A relação entre o senador Jaques Wagner e o empresário Augusto Lima é o eixo central da 9ª fase da Operação Compliance Zero, deflagrada pela Polícia Federal. A investigação apura fraudes bilionárias no sistema financeiro envolvendo o Banco Master e conexões políticas na Bahia.
1. A Origem Comercial: O Sistema “Credcesta”
A ligação entre os dois começou a se desenhar no período em que Jaques Wagner era governador da Bahia.
- O Negócio: Augusto Lima adquiriu a antiga rede de lojas estatais baiana “Cesta do Povo” (por meio da privatização da Ebal) e, a partir disso, implementou um sistema de cartão de crédito e empréstimo consignado voltado exclusivamente para os cerca de 400 mil servidores públicos do estado da Bahia: o Credcesta.
- A Conexão com o Banco Master: Para fazer o Credcesta crescer, Augusto Lima aliou-se ao banqueiro Daniel Vorcaro. Lima tornou-se sócio do Banco Master e incorporou o Credcesta à instituição, transformando esse modelo de consignado baiano em um dos ativos financeiros mais lucrativos e importantes do banco.
2. A Investigação da PF e as Suspeitas de Propina
A Polícia Federal, sob a supervisão do ministro André Mendonça no STF, investiga se o sucesso e a exclusividade desses negócios na Bahia contaram com o favorecimento de Jaques Wagner em troca de vantagens indevidas.
- Suspeita de Imóvel de Luxo: A PF apura se empresas vinculadas à família de Jaques Wagner teriam recebido repasses financeiros ocultos de Augusto Lima e do grupo do Banco Master.

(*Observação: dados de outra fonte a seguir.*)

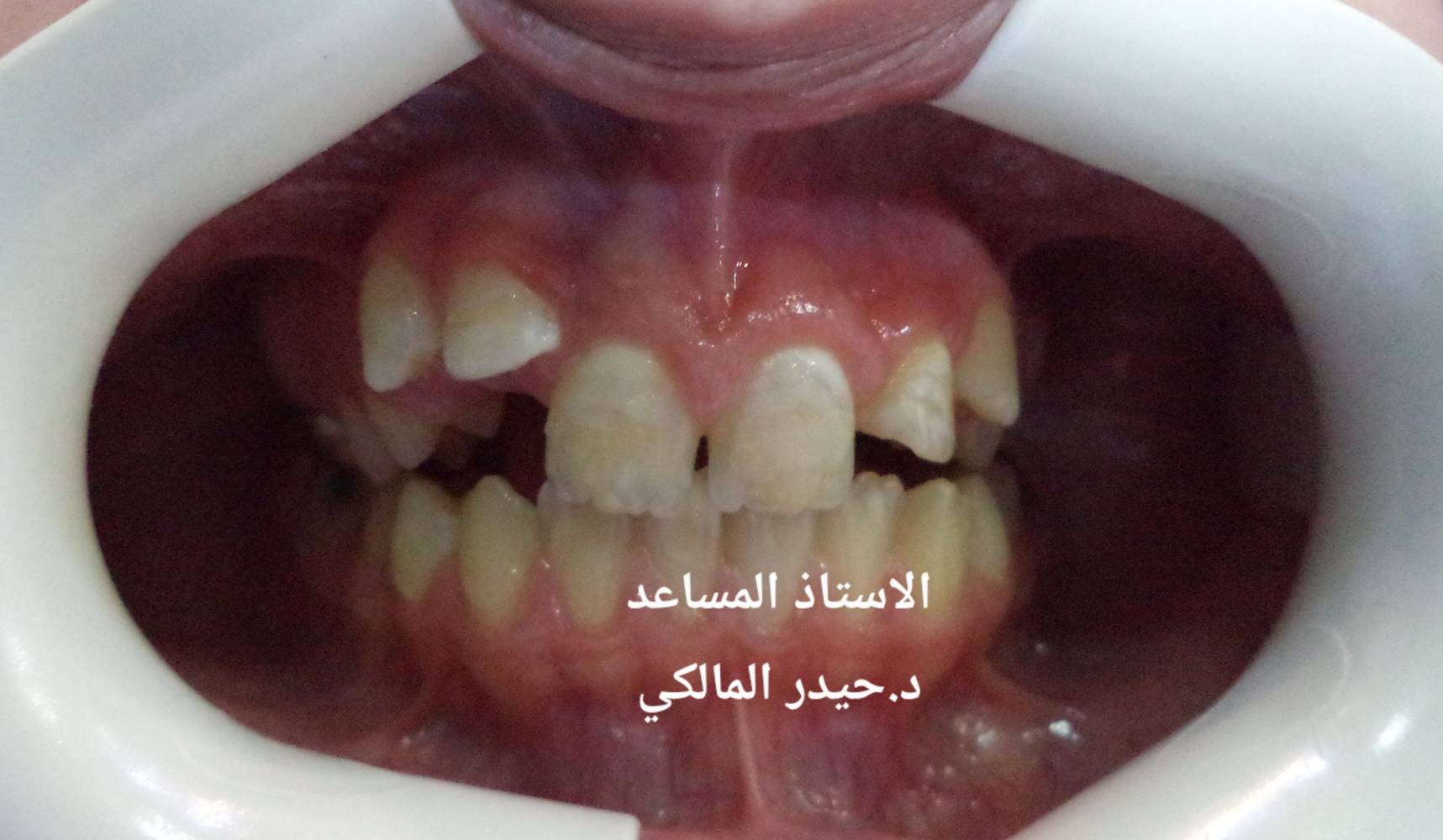 تقويم أسنان • بالتقسيط • شارع فلسطين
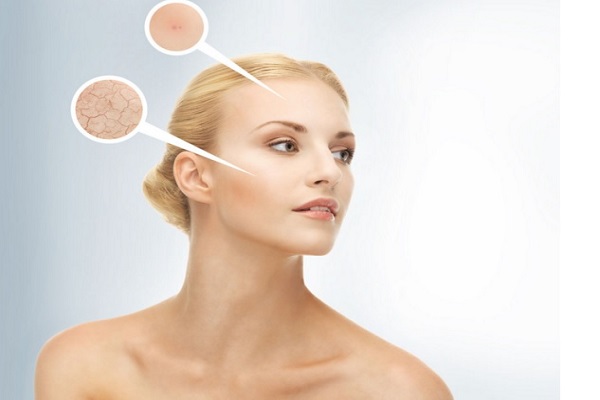 皮膚幹燥癥簡介 綜合幹燥癥如何治療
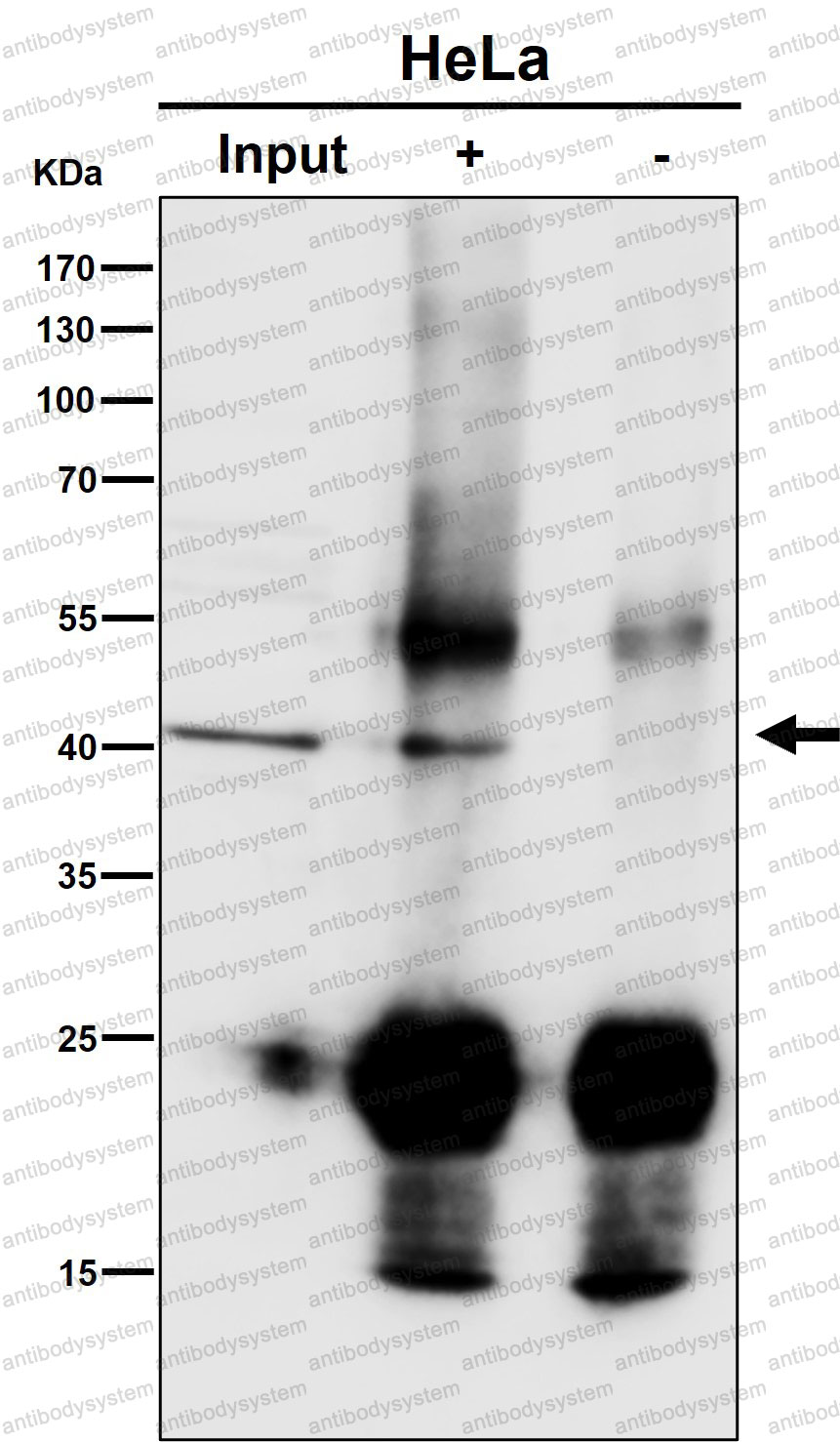 Anti-ACAT1 Antibody (R1S64)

A principal linha de investigação suspeita que o senador ganharia um imóvel de luxo em Salvador como disfarce para o pagamento de propina.

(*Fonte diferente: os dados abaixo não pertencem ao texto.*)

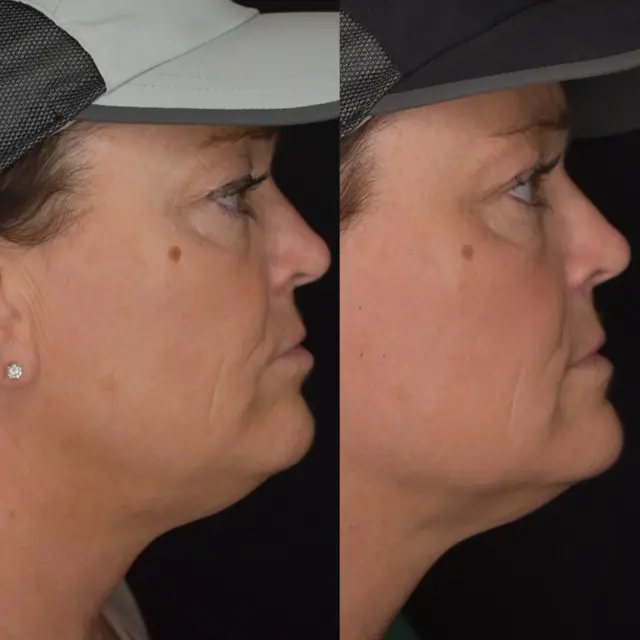 Kybella result at Cosmedics MedSpa in Lehi, UT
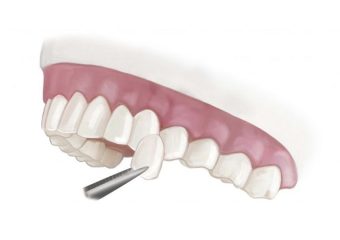 علل شکستن یا افتادن لمینت دندان | بهترین ایمپلنت اصفهان | دکتر ندا مکانیک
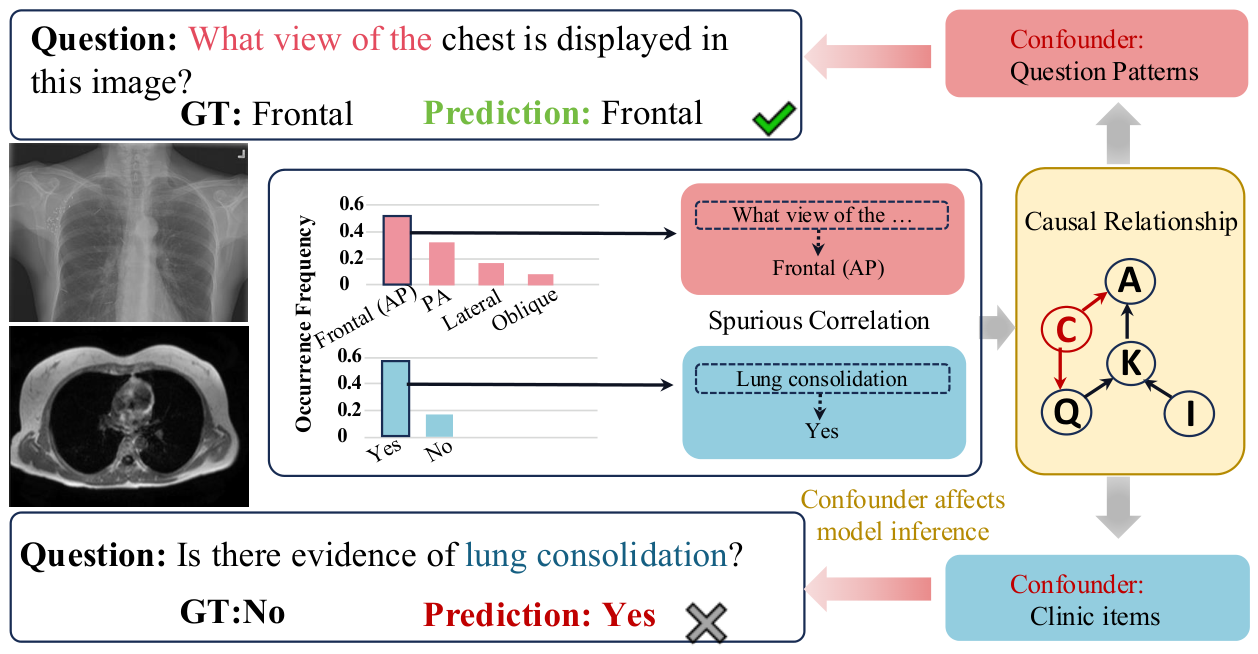 Causal Dual-Interventional MedVQA via Textual Perturbation and ...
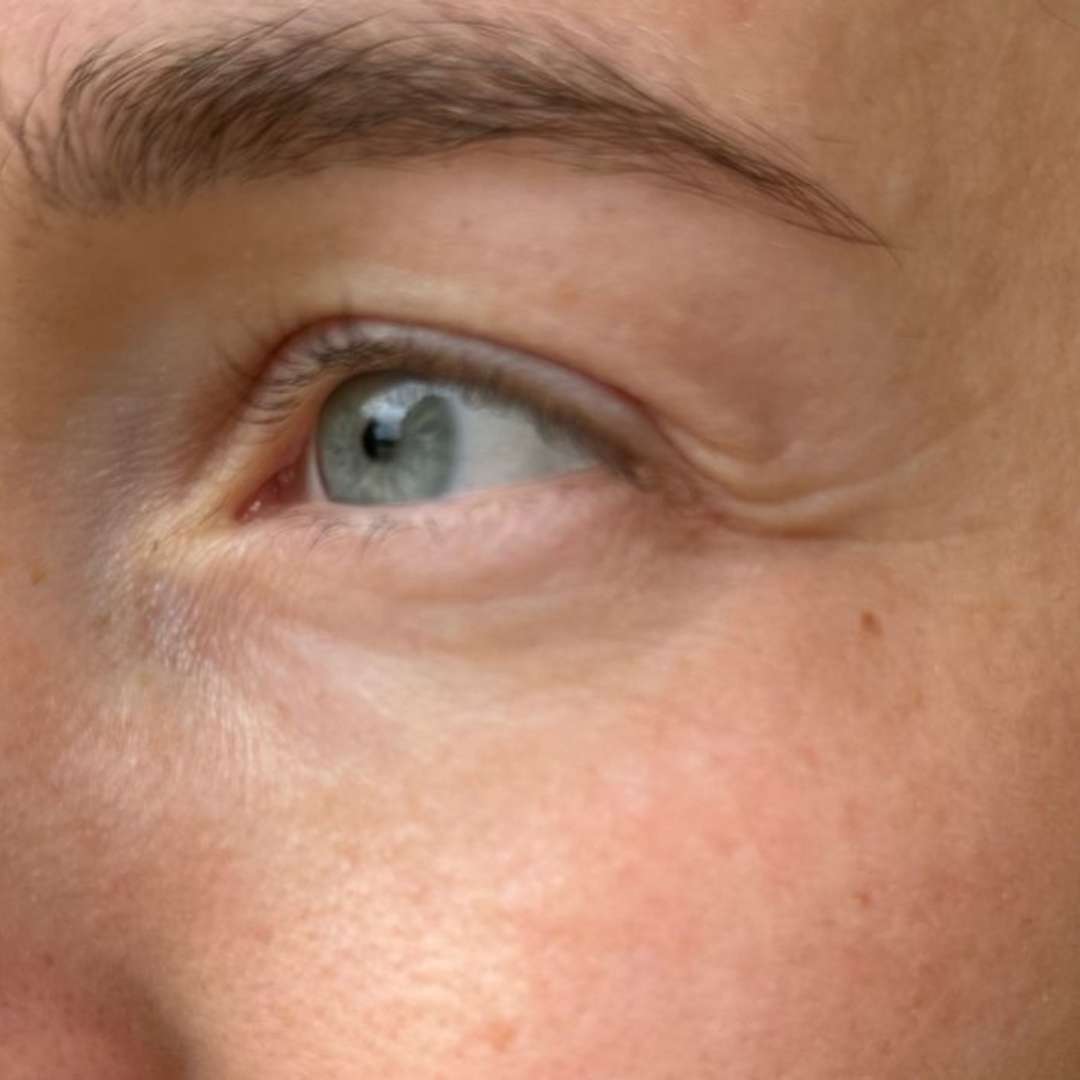 Voor_Na-Sil-Eye_Lip_Cream-Voor-Productpage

- Buscas e Enteado: Na mesma operação que mirou os endereços de Jaques Wagner e Augusto Lima, a PF realizou buscas contra Eduardo Sodré Martins, enteado do senador.
3. Empresas sob Suspeita de Fachada
Dentro do fluxo financeiro investigado na Compliance Zero, Augusto Lima é dono da empresa Terra Firme da Bahia LTDA. Auditorias e investigações apontaram que a Terra Firme foi a segunda empresa que mais recebeu repasses do Banco Master (cerca de R$ 186 milhões). A PF apura se essa estrutura e o próprio Instituto Terra Firme (em Salvador) foram utilizados para escoar e lavar recursos do esquema.

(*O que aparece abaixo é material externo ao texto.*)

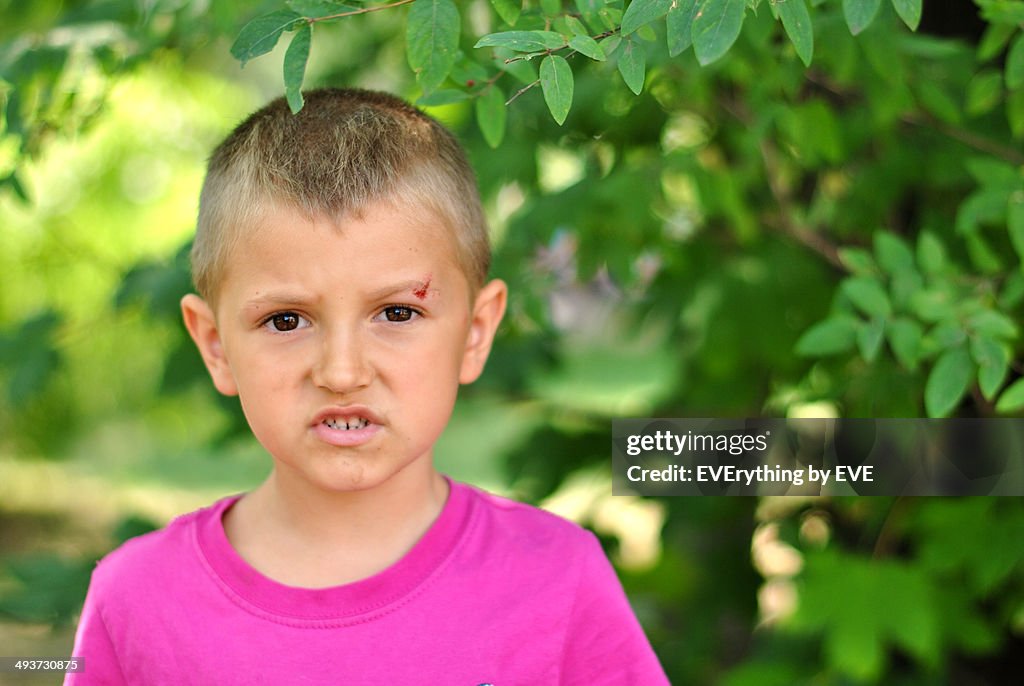 Little boy with a gash on his eyebrow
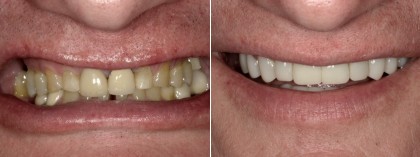 Smile 28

4. O Histórico de Augusto Lima no Caso
Augusto Lima — que também teve o seu Banco Pleno liquidado extrajudicialmente pelo Banco Central — é apontado como operador central do braço político-financeiro do esquema. Ele chegou a ser preso logo na primeira fase da Operação Compliance Zero, sendo posteriormente liberado para responder em liberdade com o uso de tornozeleira eletrônica.
O posicionamento da defesa: Em manifestações prévias sobre o caso Master, Jaques Wagner afirmou que suas interações com empresários do grupo sempre foram de caráter estrito e institucional, pautadas pelo conhecimento da venda da Cesta do Povo na Bahia, negando qualquer recebimento de vantagens ilícitas. A defesa de Augusto Lima não se manifestou publicamente detalhando os repasses.